=== Stored data ===

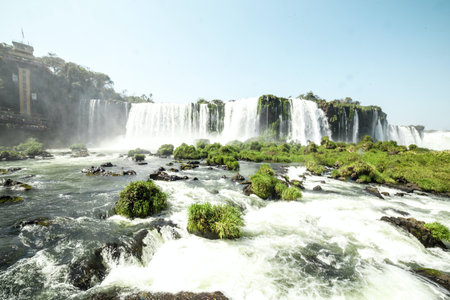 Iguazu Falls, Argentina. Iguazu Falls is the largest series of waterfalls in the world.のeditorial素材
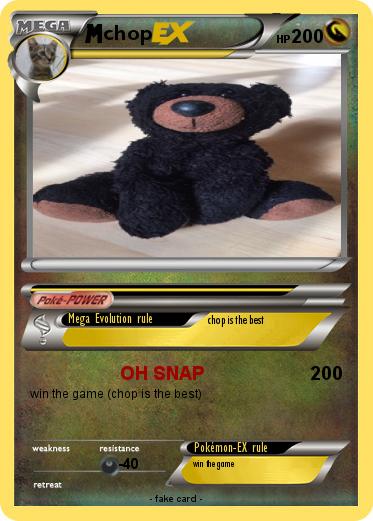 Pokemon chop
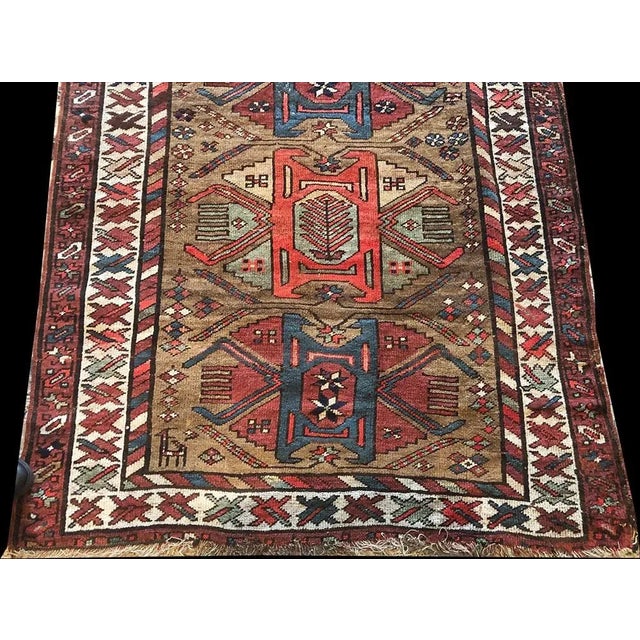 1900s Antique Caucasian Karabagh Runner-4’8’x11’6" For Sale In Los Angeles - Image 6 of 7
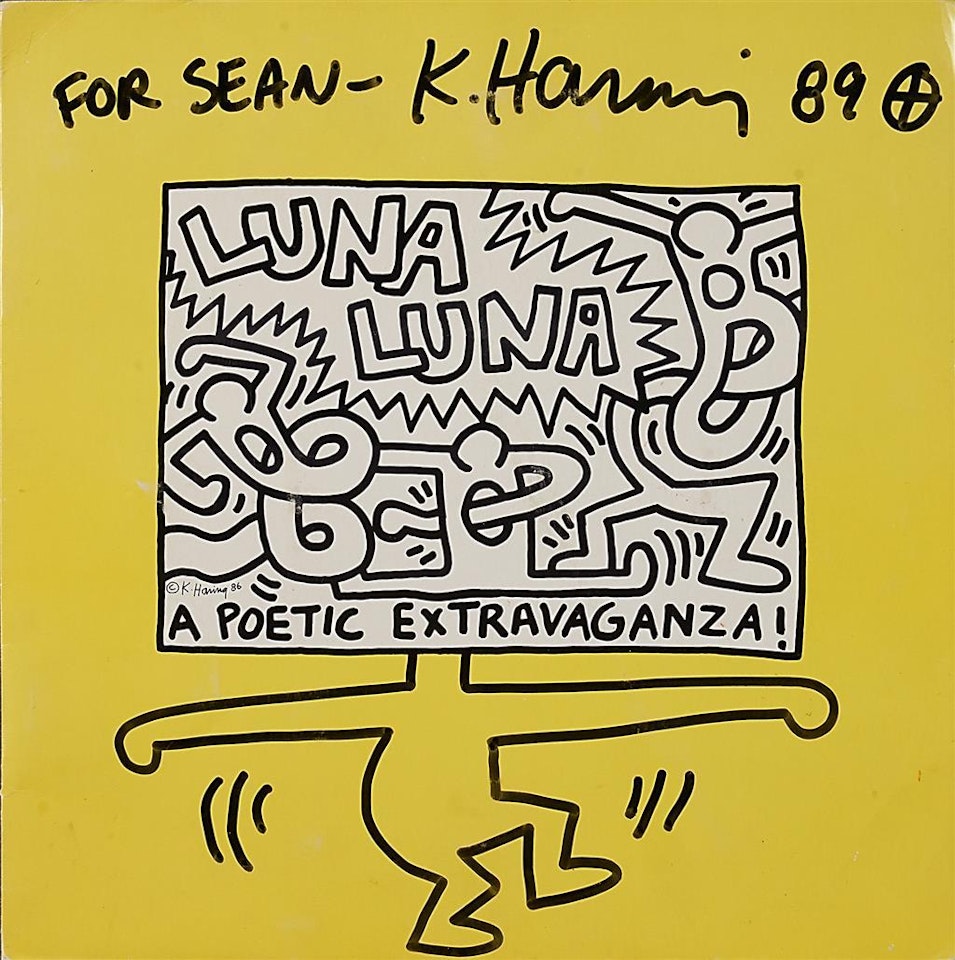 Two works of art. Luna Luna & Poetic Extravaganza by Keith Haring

===

Activity: The span to retype runs from the line containing "Pokemon chop" through the last line of the listing above, both ends included; copy it exactly, without pictures.

Output for this exercise:
 Pokemon chop
 1900s Antique Caucasian Karabagh Runner-4’8’x11’6" For Sale In Los Angeles - Image 6 of 7
 Two works of art. Luna Luna & Poetic Extravaganza by Keith Haring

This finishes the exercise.